To prolong the life—and effectiveness—of your garden tools, you will want to give them a little TLC now and again. Here's what you need to do.
You will need:
- Paint thinner (also called mineral spirits)
- Rubber gloves
- A few rags
- Fine steel wool (#000)
- A stiff wire brush
- Three-in-One oil and vegetable oil
- 120-grit sandpape
- Boiled linseed oil (you buy it boiled; raw linseed oil takes about nine months to dry)
- A sharpening stone, a flat file and a round file
Secateurs, shears and loppers
If tools are really dirty and rusty, take them apart; use steel wool and a cloth rag saturated with paint thinner to clean blades, removing all traces of sap and plant debris. Buff away rust and stubborn spots with steel wool.
When blades are clean, use a sharpening stone to remove small nicks and restore their keen edge. Most sharpening stones have a coarse side and a fine side. You may have to lubricate the stone with oil or water first—check instructions.
After wetting the coarse side of the stone, which is used first, set it on a flat surface and run the length of the bevel—the part of the blade that angles toward the cutting edge—across the stone, away from you (photo 1), sweeping the entire blade across the stone in one smooth motion. Eight or nine complete passes should be enough. Now add water or oil to the fine side, and finish the blade with five or six sweeps across it.
Before reassembling the tool, work a couple of drops of Three-in-One oil into hard-to-get-at spots—such as the inside faces of the blades where they bolt together. Then, once assembled, coat blades with a thin layer of vegetable oil to prevent rusting.

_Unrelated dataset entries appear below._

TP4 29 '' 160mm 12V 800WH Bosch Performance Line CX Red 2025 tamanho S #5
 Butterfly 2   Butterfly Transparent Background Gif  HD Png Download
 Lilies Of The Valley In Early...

If the tool's handles are made of unfinished wood (though most today are made of moulded plastic), use sandpaper to remove dirt and small splinters; then use a rag to coat them with boiled linseed oil, to keep them from drying out and cracking.

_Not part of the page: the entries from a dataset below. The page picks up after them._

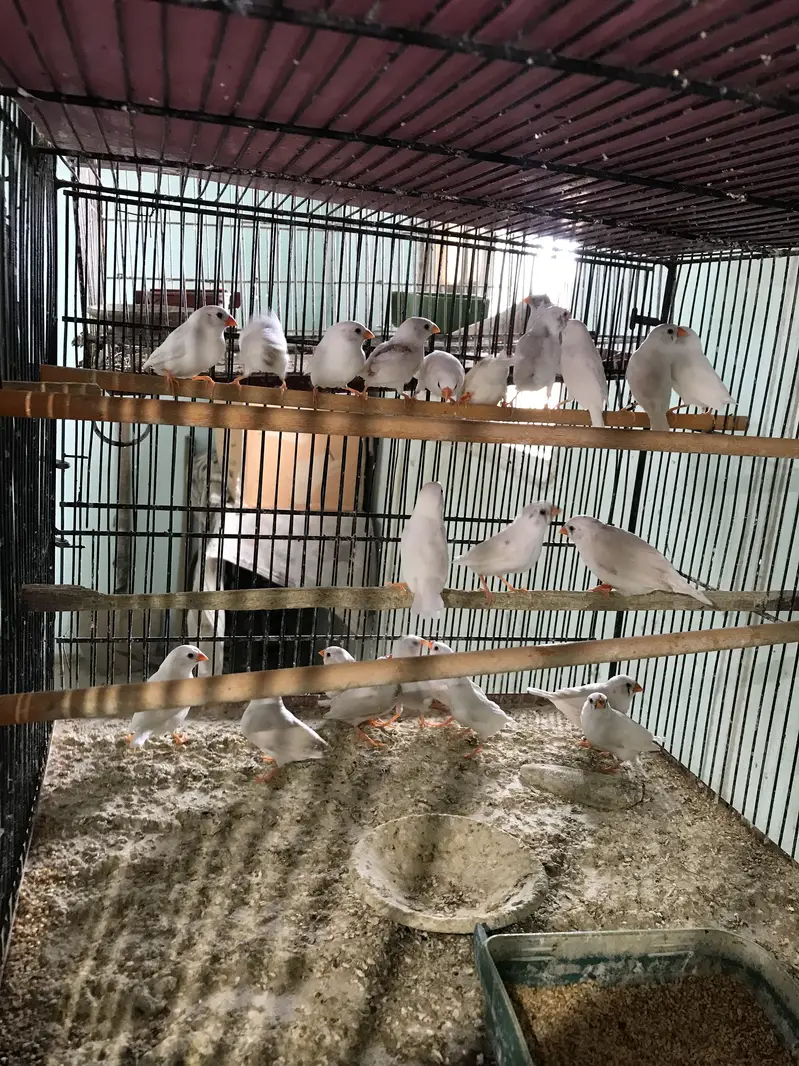 Snow White Finches — photo 5
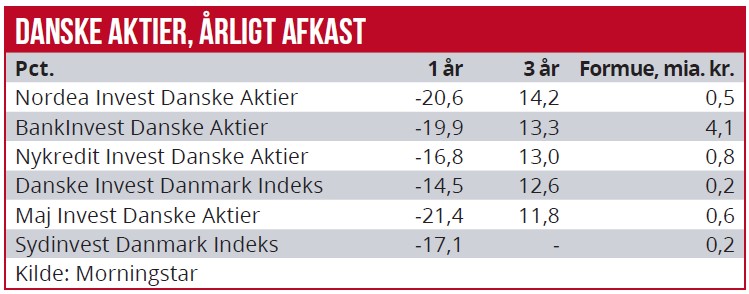 Kapitalforvaltere 2022 - Danske aktier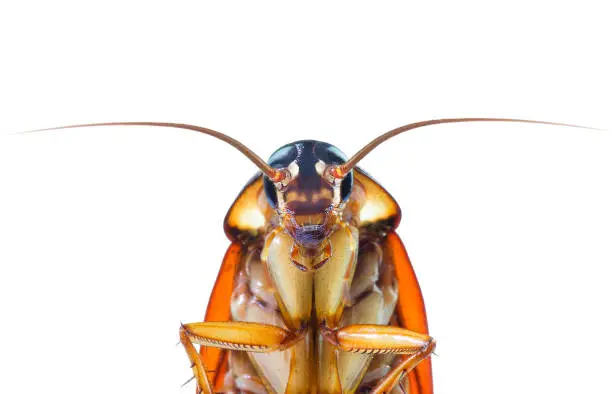 action image of Cockroaches, Cockroaches isolated on white background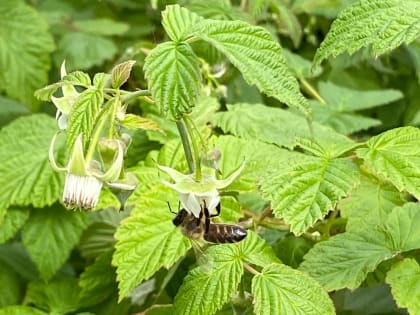 Орловский фермер на грант увеличит пасеку и начнет привлекать туристов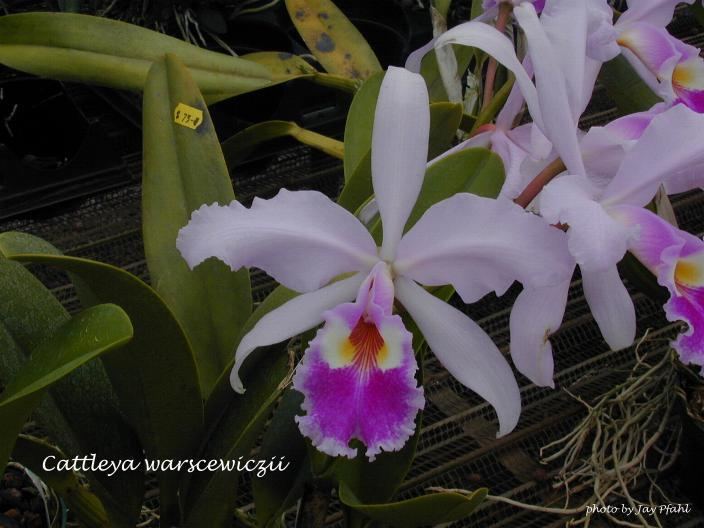 Cattleya warscewiczii IOSPE PHOTOS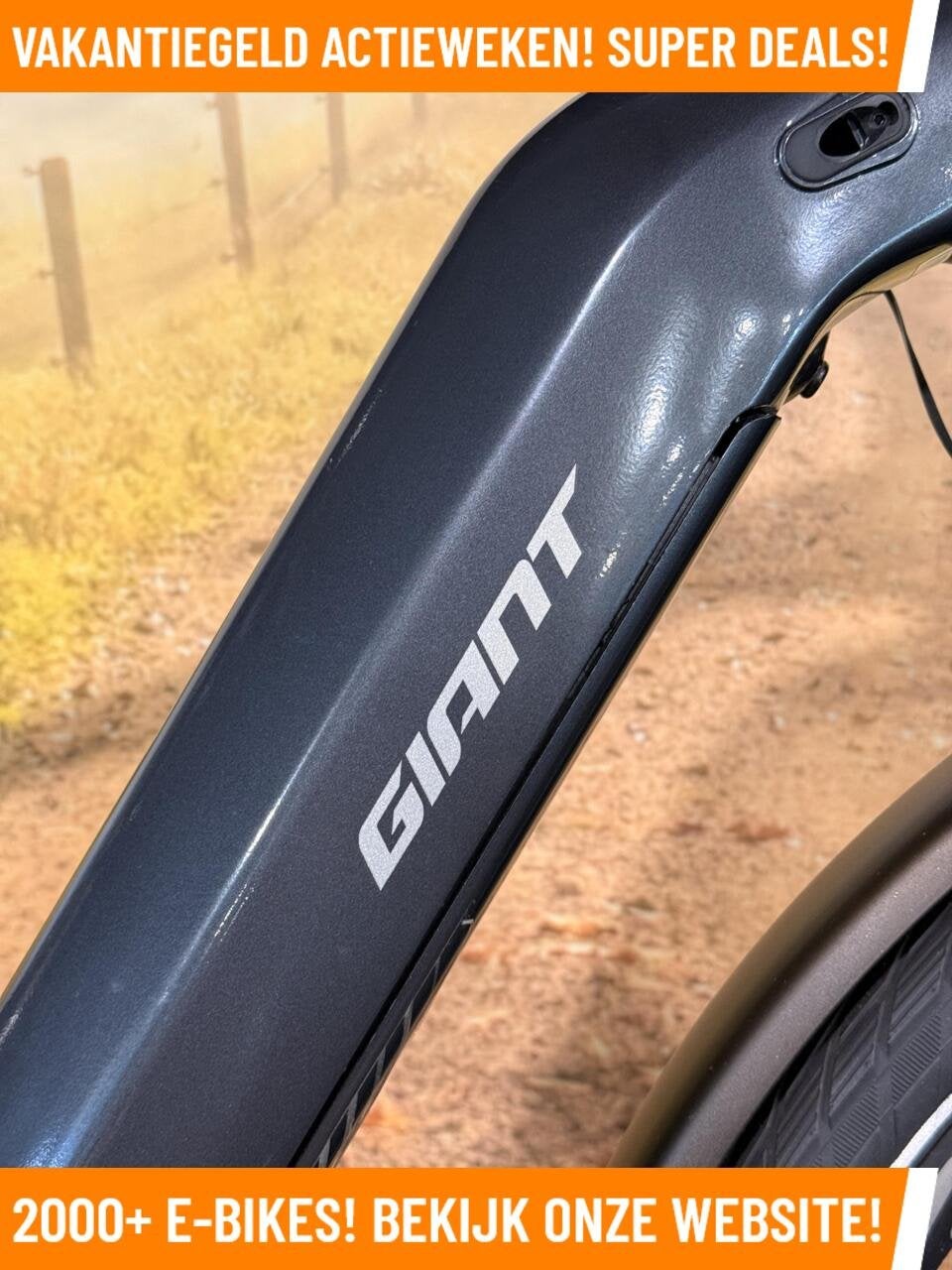 Giant Elektrische heren fiets met midden motor ebike bij MRA, 55 tot 59 cm, Giant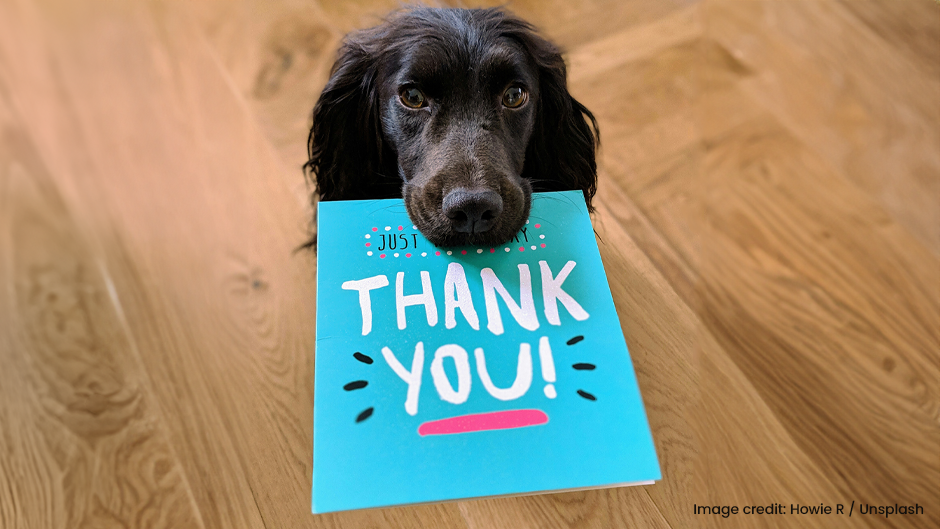 A black dog holds a blue thank you card with a wooden floor background.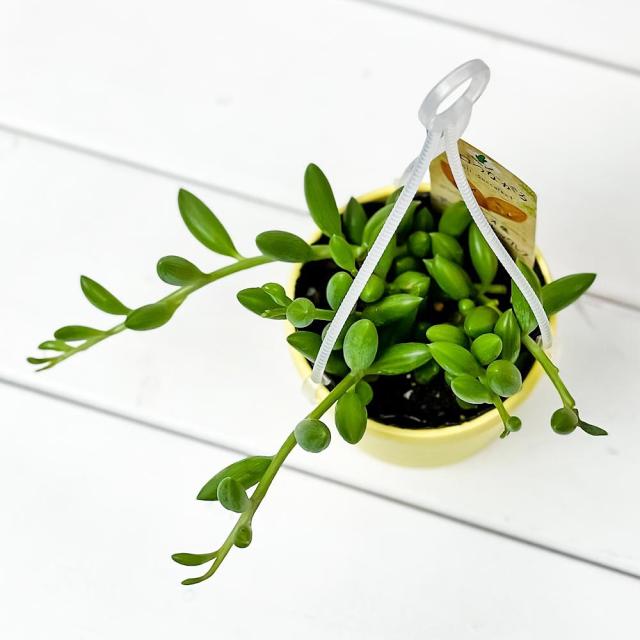 多肉植物 ぶらりサキュレント アーモンドネックレス 3号吊り鉢 鉢色おまかせ 育て方説明書付き Senecio Herreanus セネシオ 京童子 きょの通販はau Pay マーケット 観葉植物専門店 プランチュ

If the handles are painted, lightly sand them to remove dirt and splinters and rough up the existing finish; apply a fresh coat of oil-based paint—preferably in a bright colour, so tools are easy to spot in the garden.
Stay in shape
To keep your tools in good shape throughout the season, thrust shovels and secateurs (any instrument with blades) in a bucket of sand and vegetable oil to clean and lubricate them after every use.
The mixture should be about one part oil to five parts sand and have the texture of oatmeal. Be sure to insert the blades only, however, as the oil-sand mixture may stain the handles and will make rubber grips extremely slippery.